Add node-based invocation system
This PR adds the core of the node-based invocation system first discussed in https://github.com/invoke-ai/InvokeAI/discussions/597 and implements it through a basic CLI and API. This supersedes #1047, which was too far behind to rebase.
Architecture
Invocations
The core of the new system is invocations, found in /ldm/invoke/app/invocations. These represent individual nodes of execution, each with inputs and outputs. Core invocations are already implemented (txt2img, img2img, upscale, face_restore) as well as a debug invocation (show_image). To implement a new invocation, all that is required is to add a new implementation in this folder (there is a markdown document describing the specifics, though it is slightly out-of-date).
Sessions
Invocations and links between them are maintained in a session. These can be queued for invocation (either the next ready node, or all nodes). Some notes:
- Sessions may be added to at any time (including after invocation), but may not be modified.
- Links are always added with a node, and are always links from existing nodes to the new node. These links can be relative "history" links, e.g.
-1to link from a previously executed node, and can link either specific outputs, or can opportunistically link all matching outputs by name and type by using*. - There are no iteration/looping constructs.

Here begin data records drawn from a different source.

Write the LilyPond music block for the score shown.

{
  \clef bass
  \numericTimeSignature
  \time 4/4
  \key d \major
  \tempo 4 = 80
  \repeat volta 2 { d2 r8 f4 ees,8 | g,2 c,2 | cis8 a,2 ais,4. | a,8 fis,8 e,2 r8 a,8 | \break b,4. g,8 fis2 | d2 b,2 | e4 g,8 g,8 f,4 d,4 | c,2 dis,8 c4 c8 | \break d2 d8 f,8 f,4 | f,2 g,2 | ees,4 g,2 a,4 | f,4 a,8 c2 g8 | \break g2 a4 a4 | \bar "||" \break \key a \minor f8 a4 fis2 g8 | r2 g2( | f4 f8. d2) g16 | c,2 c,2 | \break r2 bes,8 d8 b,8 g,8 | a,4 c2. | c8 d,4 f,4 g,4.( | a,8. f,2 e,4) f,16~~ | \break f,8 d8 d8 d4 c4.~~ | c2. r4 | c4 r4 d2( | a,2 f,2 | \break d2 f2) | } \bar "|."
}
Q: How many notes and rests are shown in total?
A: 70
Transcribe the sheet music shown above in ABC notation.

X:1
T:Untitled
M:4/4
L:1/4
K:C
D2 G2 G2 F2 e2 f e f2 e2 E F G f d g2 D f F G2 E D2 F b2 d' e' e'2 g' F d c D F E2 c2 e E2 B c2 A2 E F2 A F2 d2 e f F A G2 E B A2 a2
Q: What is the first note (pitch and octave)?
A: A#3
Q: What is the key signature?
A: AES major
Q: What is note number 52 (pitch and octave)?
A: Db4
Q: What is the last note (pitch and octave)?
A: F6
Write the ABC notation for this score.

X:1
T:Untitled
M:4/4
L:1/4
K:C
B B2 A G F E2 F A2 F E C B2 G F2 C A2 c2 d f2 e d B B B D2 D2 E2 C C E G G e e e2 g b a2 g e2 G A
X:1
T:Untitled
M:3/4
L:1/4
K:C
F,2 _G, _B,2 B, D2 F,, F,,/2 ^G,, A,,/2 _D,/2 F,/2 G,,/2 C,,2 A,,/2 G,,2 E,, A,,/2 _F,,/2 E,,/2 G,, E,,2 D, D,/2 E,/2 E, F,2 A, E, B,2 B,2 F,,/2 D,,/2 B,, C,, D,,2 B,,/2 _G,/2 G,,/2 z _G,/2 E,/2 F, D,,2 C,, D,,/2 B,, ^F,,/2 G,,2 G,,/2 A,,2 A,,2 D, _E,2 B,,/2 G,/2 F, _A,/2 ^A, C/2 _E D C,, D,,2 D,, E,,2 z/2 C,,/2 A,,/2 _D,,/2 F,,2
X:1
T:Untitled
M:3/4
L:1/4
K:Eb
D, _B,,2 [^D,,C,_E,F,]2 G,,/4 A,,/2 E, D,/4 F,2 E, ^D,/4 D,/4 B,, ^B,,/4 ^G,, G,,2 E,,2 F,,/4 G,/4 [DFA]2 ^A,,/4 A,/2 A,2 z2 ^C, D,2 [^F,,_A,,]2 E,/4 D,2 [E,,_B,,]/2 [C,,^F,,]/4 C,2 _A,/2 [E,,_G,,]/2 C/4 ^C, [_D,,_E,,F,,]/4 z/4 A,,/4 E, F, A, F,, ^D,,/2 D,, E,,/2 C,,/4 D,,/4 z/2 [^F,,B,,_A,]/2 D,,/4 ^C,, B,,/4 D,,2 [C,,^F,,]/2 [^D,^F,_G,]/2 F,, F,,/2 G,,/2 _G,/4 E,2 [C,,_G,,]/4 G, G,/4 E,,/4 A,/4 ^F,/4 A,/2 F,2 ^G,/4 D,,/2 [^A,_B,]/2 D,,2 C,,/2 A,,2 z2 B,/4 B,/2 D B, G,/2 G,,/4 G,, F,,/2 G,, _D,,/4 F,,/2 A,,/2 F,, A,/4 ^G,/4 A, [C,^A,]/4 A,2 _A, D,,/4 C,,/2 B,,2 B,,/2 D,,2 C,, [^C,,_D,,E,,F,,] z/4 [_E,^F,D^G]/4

Most needs for this could be solved by either duplicating nodes or cloning sessions. This is open for discussion, but is a difficult problem to solve in a way that doesn't make the code even more complex/confusing (especially regarding node ids and history).
Services
These make up the core the invocation system, found in /ldm/invoke/app/services. One of the key design philosophies here is that most components should be replaceable when possible. For example, if someone wants to use cloud storage for their images, they should be able to replace the image storage service easily.
The services are broken down as follows (several of these are intentionally implemented with an initial simple/naïve approach):
- Invoker: Responsible for creating and executing sessions and managing services used to do so.
- Session Manager: Manages session history. An on-disk implementation is provided, which stores sessions as json files on disk, and caches recently used sessions for quick access.
- Image Storage: Stores images of multiple types. An on-disk implementation is provided, which stores images on disk and retains recently used images in an in-memory cache.
- Invocation Queue: Used to queue invocations for execution. An in-memory implementation is provided.
- Events: An event system, primarily used with socket.io to support future web UI integration.
Apps
Apps are available through the /scripts/invoke-new.py script (to-be integrated/renamed).
CLI
python scripts/invoke-new.py
Implements a simple CLI. The CLI creates a single session, and automatically links all inputs to the previous node's output. Commands are automatically generated from all invocations, with command options being automatically generated from invocation inputs. Help is also available for the cli and for each command, and is very verbose. Additionally, the CLI supports command piping for single-line entry of multiple commands. Example:
> txt2img --prompt "a cat eating sushi" --steps 20 --seed 1234 | upscale | show_image
API
python scripts/invoke-new.py --api --host 0.0.0.0
Implements an API using FastAPI with Socket.io support for signaling. API documentation is available at http://localhost:9090/docs or http://localhost:9090/redoc. This includes OpenAPI schema for all available invocations, session interaction APIs, and image APIs. Socket.io signals are per-session, and can be subscribed to by session id. These aren't currently auto-documented, though the code for event emission is centralized in /ldm/invoke/app/services/events.py.
A very simple test html and script are available at http://localhost:9090/static/test.html This demonstrates creating a session from a graph, invoking it, and receiving signals from Socket.io.
What's left?
- There are a number of features not currently covered by invocations. I kept the set of invocations small during core development in order to simplify refactoring as I went. Now that the invocation code has stabilized, I'd love some help filling those out!
- There's no image metadata generated. It would be fairly straightforward (and would make good sense) to serialize either a session and node reference into an image, or the entire node into the image. There are a lot of questions to answer around source images, linked images, etc. though. This history is all stored in the session as well, and with complex sessions, the metadata in an image may lose its value. This needs some further discussion.
- We need a list of features (both current and future) that would be difficult to implement without looping constructs so we can have a good conversation around it. I'm really hoping we can avoid needing looping/iteration in the graph execution, since it'll necessitate separating an execution of a graph into its own concept/system, and will further complicate the system.
- The API likely needs further filling out to support the UI. I think using the new API for the current UI is possible, and potentially interesting, since it could work like the new/demo CLI in a "single operation at a time" workflow. I don't know how compatible that will be with our UI goals though. It would be nice to support only a single API though.
- Deeper separation of systems. I intentionally tried to not touch Generate or other systems too much, but a lot could be gained by breaking those apart. Even breaking apart Args into two pieces (command line arguments and the parser for the current CLI) would make it easier to maintain. This is probably in the future though.